AIM OF THE EXERCISE
Which lines run from the one containing "CASTROL GTX 10W30 ENGINE OIL" to the end of the material below? Copy them exactly, pictures excluded.

DATASET SECTION

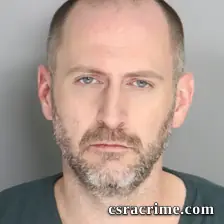Curtis Hester booking photo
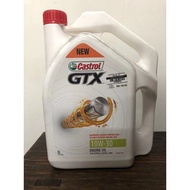 CASTROL GTX 10W30 ENGINE OIL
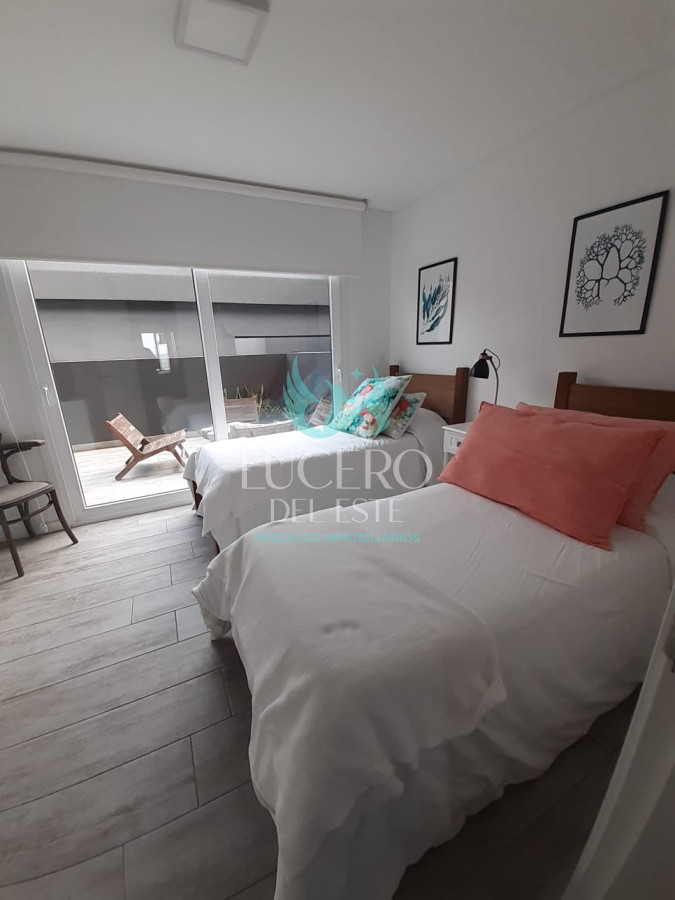 Apartamento ID.5 - Alquilo Departamento 3 Dorm 2 Baños en Palcos del Mar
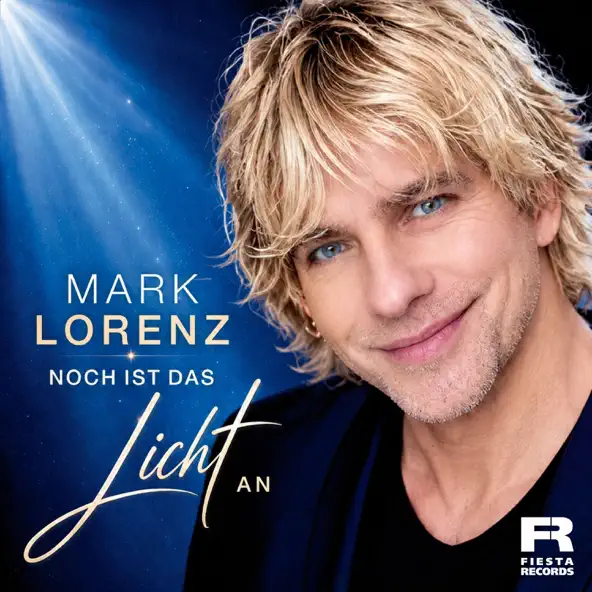 Mark Lorenz - Noch ist das Licht an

RESPONSE TO THE TASK
 CASTROL GTX 10W30 ENGINE OIL
 Apartamento ID.5 - Alquilo Departamento 3 Dorm 2 Baños en Palcos del Mar
 Mark Lorenz - Noch ist das Licht an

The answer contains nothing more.